The same can’t be said for Federico Fellini. ‘Toby Dammit’, co-written and directed by Fellini, is a wildly imaginative interpretation of ‘Never Bet the Devil Your Head’. Toby Dammit (Terence Stamp) is a British film star visiting Rome. He meets the backers of his new film, gives a television interview and attends an awards gala. All perfectly straightforward—except Toby is losing his mind.
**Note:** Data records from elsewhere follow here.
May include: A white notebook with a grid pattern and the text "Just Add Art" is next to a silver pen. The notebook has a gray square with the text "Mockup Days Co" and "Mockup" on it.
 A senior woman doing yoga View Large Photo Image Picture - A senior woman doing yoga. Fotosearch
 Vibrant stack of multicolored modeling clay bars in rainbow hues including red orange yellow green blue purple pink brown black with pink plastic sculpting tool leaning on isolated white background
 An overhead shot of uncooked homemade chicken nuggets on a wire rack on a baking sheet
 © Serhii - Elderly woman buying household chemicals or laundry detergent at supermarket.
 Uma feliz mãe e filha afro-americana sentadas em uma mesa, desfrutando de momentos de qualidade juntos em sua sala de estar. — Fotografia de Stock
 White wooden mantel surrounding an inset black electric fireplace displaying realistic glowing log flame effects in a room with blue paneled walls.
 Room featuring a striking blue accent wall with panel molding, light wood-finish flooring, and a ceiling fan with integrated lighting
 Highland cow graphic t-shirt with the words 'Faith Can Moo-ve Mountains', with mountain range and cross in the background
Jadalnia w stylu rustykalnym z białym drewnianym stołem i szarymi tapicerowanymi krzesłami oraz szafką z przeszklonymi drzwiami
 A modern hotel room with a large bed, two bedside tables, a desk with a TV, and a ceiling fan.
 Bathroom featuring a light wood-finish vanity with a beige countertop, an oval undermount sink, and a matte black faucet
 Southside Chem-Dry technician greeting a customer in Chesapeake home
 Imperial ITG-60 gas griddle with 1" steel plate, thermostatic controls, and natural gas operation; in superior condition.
‘Toby Dammit’ is undoubtedly the best of the three episodes and likely the reason Wright recommends the film. Fellini uses Poe as a springboard for a fever dream: La dolce vita, if Anita Ekberg was a cadaverous alcoholic unravelling at the seams. The disorientation sets in early, as Toby touches down at an airport whose moorings have come loose from reality. A round monitor hangs from the ceiling like a giant eye, displaying an image of a woman that hovers about like a misaligned spotlight. Two men, one crouched in a foetal position, sit surrounded by lifeless figures, wrapped in plastic, while a jaunty Nino Rota tune (later recycled for The Godfather) plays. In walks Toby, a wraith in funereal black; Stamp plays him with a brittleness verging on mania. Adrift in a swirl of press junkets and showbiz hypocrisy, Toby begins to resemble the figure in Munch’s The Scream: a lost soul howling into the void. Poe would approve.
Spirits of the Dead is a cinematic curate’s egg that’s far less than the sum of its parts. If you must watch it, see it for ‘Toby Dammit’, one of the most terrifying depictions of mental illness I have ever seen. Like the best of Poe’s stories, it worms its way into your mind—and lingers.